[Dataset entries]
::::

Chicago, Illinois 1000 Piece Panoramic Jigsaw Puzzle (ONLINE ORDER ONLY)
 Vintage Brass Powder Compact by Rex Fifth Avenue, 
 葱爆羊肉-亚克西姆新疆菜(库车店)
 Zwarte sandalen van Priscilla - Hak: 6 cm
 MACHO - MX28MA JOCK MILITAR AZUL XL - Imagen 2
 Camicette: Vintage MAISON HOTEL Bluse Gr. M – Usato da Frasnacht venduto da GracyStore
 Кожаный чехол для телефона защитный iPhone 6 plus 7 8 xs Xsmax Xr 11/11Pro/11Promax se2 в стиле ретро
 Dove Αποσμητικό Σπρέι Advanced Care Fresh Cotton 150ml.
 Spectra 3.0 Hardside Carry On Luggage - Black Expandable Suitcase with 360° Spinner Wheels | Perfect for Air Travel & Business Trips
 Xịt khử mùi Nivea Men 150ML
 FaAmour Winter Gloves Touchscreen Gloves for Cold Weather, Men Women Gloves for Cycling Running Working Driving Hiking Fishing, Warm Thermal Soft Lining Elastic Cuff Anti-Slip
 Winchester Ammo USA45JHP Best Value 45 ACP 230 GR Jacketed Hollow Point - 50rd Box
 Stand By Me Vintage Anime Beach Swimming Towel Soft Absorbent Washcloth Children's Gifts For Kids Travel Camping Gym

::::

Work to complete:
Your answer should be the data above, retyped in full and unaltered.

Solution below:
Chicago, Illinois 1000 Piece Panoramic Jigsaw Puzzle (ONLINE ORDER ONLY)
 Vintage Brass Powder Compact by Rex Fifth Avenue, 
 葱爆羊肉-亚克西姆新疆菜(库车店)
 Zwarte sandalen van Priscilla - Hak: 6 cm
 MACHO - MX28MA JOCK MILITAR AZUL XL - Imagen 2
 Camicette: Vintage MAISON HOTEL Bluse Gr. M – Usato da Frasnacht venduto da GracyStore
 Кожаный чехол для телефона защитный iPhone 6 plus 7 8 xs Xsmax Xr 11/11Pro/11Promax se2 в стиле ретро
 Dove Αποσμητικό Σπρέι Advanced Care Fresh Cotton 150ml.
 Spectra 3.0 Hardside Carry On Luggage - Black Expandable Suitcase with 360° Spinner Wheels | Perfect for Air Travel & Business Trips
 Xịt khử mùi Nivea Men 150ML
 FaAmour Winter Gloves Touchscreen Gloves for Cold Weather, Men Women Gloves for Cycling Running Working Driving Hiking Fishing, Warm Thermal Soft Lining Elastic Cuff Anti-Slip
 Winchester Ammo USA45JHP Best Value 45 ACP 230 GR Jacketed Hollow Point - 50rd Box
 Stand By Me Vintage Anime Beach Swimming Towel Soft Absorbent Washcloth Children's Gifts For Kids Travel Camping Gym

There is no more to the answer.